The same listener can be registered several times using different patterns and several listeners can be registered using the same pattern.

Parameters:
listener - the element listener to add.
pattern - the XPath expression to select the elements the listener is interested in.
Throws:
org.jdom.JDOMException - if listener is null or the expression is invalid.

removeElementListener

public void removeElementListener(ElementListener listener,
                                  java.lang.String pattern)
Removes element listeners from the list of listeners maintained by this filter.

if pattern is null, this method removes all registrations of listener, regardless the pattern(s) used for creating the registrations.

if listener is null, this method removes all listeners registered for pattern.

if both listener and pattern are null, this method performs no action!

Parameters:
listener - the element listener to remove.

setFactory

public void setFactory(org.jdom.JDOMFactory factory)
Sets a custom JDOMFactory for the builder. Use this to build the tree with your own subclasses of the JDOM classes.

Parameters:
factory - JDOMFactory to use.

setValidation

public void setValidation(boolean validate)
Activates or desactivates validation for the builder.

Parameters:
validate - whether XML validation should occur.
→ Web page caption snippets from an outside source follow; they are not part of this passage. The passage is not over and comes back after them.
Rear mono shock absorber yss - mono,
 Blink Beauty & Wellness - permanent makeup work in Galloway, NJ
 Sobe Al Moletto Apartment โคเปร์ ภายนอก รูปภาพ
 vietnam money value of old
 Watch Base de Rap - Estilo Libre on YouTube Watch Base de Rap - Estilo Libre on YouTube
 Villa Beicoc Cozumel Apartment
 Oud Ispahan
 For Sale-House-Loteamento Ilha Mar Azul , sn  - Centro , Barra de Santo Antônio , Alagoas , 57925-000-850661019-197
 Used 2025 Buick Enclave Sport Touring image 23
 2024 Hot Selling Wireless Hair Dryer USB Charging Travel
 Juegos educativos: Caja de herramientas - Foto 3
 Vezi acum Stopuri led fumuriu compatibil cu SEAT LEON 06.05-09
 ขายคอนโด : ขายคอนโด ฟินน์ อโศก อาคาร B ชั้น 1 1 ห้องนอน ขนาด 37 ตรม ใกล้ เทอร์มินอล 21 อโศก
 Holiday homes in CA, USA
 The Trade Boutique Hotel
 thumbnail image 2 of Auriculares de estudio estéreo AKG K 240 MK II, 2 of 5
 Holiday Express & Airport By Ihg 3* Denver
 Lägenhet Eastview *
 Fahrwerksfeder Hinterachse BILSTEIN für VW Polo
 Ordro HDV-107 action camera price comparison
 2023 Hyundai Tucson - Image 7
setIgnoringElementContentWhitespace

public void setIgnoringElementContentWhitespace(boolean ignoringWhite)
Specifies whether or not the parser should elminate whitespace in element content (sometimes known as "ignorable whitespace") when building the document. Only whitespace which is contained within element content that has an element only content model will be eliminated (see XML Rec 3.2.1). For this setting to take effect requires that validation be turned on.

The default value is false.

Parameters:
ignoringWhite - whether to ignore ignorable whitespace.

setExpandEntities

public void setExpandEntities(boolean expand)
Sets whether or not to expand entities for the builder.

A value true means to expand entities as normal content; false means to leave entities unexpanded as EntityRef objects.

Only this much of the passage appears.